Autotest | Mazda hat ein neues Design und eine neue Typenbezeichnungen eingeführt. Nachdem der 626 durch den Mazda6 und der Demio durch den Mazda2 ersetzt worden ist, war jetzt der 323 dran. Der Nachfolger heißt, nicht ganz unerwartet, "Mazda3". Mazda positioniert das Auto in der absoluten Mittelklasse und hat deshalb von fast jeder anderen Marke Konkurrenz zu befürchten. Zum Glück hat der Newcomer eine Menge starker Punkte, um sich von der Konkurrenz zu unterscheiden. Es sind...drei.
 
Mazda 3 (2003 - 2006)

Punkt 1: Das Exterieur

Der Mazda3 ist bis jetzt in zwei Ausführungen lieferbar: Stufenheck und Sport. Der Letztere ist eine alternative Bezeichnung für "Hatchback". Der beim Test gefahrene "Sport" gibt auf den ersten Blick keinen Grund zur Aufregung. Obwohl deutlich sichtbar ist, daß sich die Designer mit dem Linienspiel viel Mühe gegeben haben, strahlt das Auto nur wenig Charakter aus. Während die letzten japanischen Autos mehr an Persönlichkeit denn je überhaupt gewonnen haben, sucht man beim Testauto leider vergebens. Dies hat aber nur bei der (Basis) Ausführung des Testautos bestand. Nach der Testfahrt zeigt Mazda eine luxuriöse 2-Liter Variante und die hat dank anderer Stoßstangen, Kühlergrill, Spoiler und Rückleuchten das notwendige Flair und die Ausstrahlung, um auch die eingefleischtesten Fans der europäischen Marken auf ihre Seite zu ziehen.
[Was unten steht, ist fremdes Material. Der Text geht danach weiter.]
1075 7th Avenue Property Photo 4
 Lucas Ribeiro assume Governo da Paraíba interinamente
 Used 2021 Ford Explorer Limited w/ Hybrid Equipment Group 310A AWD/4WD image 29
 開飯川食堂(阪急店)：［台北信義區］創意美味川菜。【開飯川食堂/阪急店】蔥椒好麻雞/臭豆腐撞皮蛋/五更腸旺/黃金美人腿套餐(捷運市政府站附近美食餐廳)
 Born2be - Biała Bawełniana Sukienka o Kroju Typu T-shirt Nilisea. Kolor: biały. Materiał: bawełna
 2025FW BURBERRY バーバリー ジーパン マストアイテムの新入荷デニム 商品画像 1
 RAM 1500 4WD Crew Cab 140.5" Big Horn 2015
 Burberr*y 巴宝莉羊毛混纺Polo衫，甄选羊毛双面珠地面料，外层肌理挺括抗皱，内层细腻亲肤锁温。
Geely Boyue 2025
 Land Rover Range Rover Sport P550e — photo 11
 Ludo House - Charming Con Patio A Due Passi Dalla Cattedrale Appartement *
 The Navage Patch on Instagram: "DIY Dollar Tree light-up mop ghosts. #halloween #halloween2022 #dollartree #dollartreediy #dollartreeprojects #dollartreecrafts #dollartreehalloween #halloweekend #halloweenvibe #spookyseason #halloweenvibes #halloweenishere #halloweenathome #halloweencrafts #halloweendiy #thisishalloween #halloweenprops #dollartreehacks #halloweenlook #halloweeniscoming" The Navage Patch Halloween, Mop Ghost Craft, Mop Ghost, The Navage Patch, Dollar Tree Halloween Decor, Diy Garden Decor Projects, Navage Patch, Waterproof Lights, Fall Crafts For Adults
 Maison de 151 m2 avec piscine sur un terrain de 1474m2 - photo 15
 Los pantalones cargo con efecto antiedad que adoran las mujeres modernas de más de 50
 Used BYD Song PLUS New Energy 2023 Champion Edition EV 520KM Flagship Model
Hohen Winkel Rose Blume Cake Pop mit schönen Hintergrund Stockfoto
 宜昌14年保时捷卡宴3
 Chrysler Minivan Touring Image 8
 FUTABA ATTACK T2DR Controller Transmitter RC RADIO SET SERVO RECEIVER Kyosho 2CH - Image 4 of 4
Ungeachtet der Ausführung, ist der Innenraum von jedem Mazda3 ein Grund, um die Augen gut offenzuhalten. Das Innenraum-Design ist eine Mischung vom Innenraum des Mazda2 und des Mazda6. Das Armaturenbrett ist zwar schwarz, aber dank weißem Aufdruck und roter Akzente auch schön und übersichtlich. Auf dem Lederlenkrad ist ein verchromtes Mazda-Logo geprägt und das Lenkrad liegt prima in der Hand. Außerdem findet man auch am Lenkrad die Bedienung des Audiosystems. Die hier gefahrene "Touring" Version ist ein Basismodell, hat aber dennoch bereits elektrische Fensterheber vorne und hinten, Zentralverriegelung mit Funkfernbedienung, Klimaanlage und das erwähnte Audiosystem (das übrigens als Standard nur ein Radio enthält). Im Bereich der passiven Sicherheit ist das Testauto mit sechs Airbags und ABS versehen.

Punkt 2: Der Motor

Sobald der Schlüssel umgedreht wird, erscheint die Begrüßung "Hello!" im zentral plazierten Display. Dann erwacht der 1.6-Liter Benzinmotor zum Leben. Auch dieser ist einer der Basismotoren, weil der Mazda3 auch mit einem 2-Liter Benzinmotor oder zwei Dieselmotoren lieferbar ist. Der Motor ist still und hat einen lebhaften Charakter. Das Auto reagiert direkt auf das Gaspedal und erreicht zudem noch sehr gute Leistungen. In der Stadt und auf der Landstraße ist der Mazda3 1.6 ein flottes Auto. Auf der Autobahn ist bei Geschwindigkeiten über 120 km/h, während eines Zwischensprints, doch ein wenig Geduld nötig.

Die Motorgeräusche sind immer gering, aber das gilt leider für die anderen Fahrgeräusche nicht. Die Rollgeräusche der Reifen sind deutlich hörbar. Auch ein mäßiger Wind sorgt bereits - abhängig von der Windrichtung zum Auto - für erhebliche Nebengeräusche.

Während des Tests fällt auf, daß die Tankanzeige in der ersten Stunde entschlossen auf "Maximum" stehen bleibt. Nach einem ganzen Tag fahren und fotografieren, ist das Niveau nur um ein Viertel gesunken. Das kommt nicht dadurch, daß das Auto relativ sparsam ist. Das Fassungsvermögen des Tanks beträgt 55 Liter und das ist besonders großzügig bemessen für ein Auto dieser Klasse. Wer nicht gerne an der Zapfsäule steht, ist bei dem Mazda3 genau richtig.

Punkt 3: Das Fahrvergnügen

Im Vergleich zum Mazda 323, bietet der Newcomer offenbar mehr Fahrvergnügen. Das Fahrgestell ist etwas straffer und vor allem kommunikativer. Der Komfort des 323 wurde um ein lebhaftes Fahrverhalten ergänzt, wodurch der Fahrer genau weiß, was das Auto kann und was nicht. Und was der Mazda3 kann, stellt sich schon schnell heraus. Die Straßenlage ist überdurchschnittlich gut und der Mazda3 läßt sich mit hohen Geschwindigkeiten durch die Kurven steuern. Je härter, desto angenehmer und besser scheint das Auto zu reagieren.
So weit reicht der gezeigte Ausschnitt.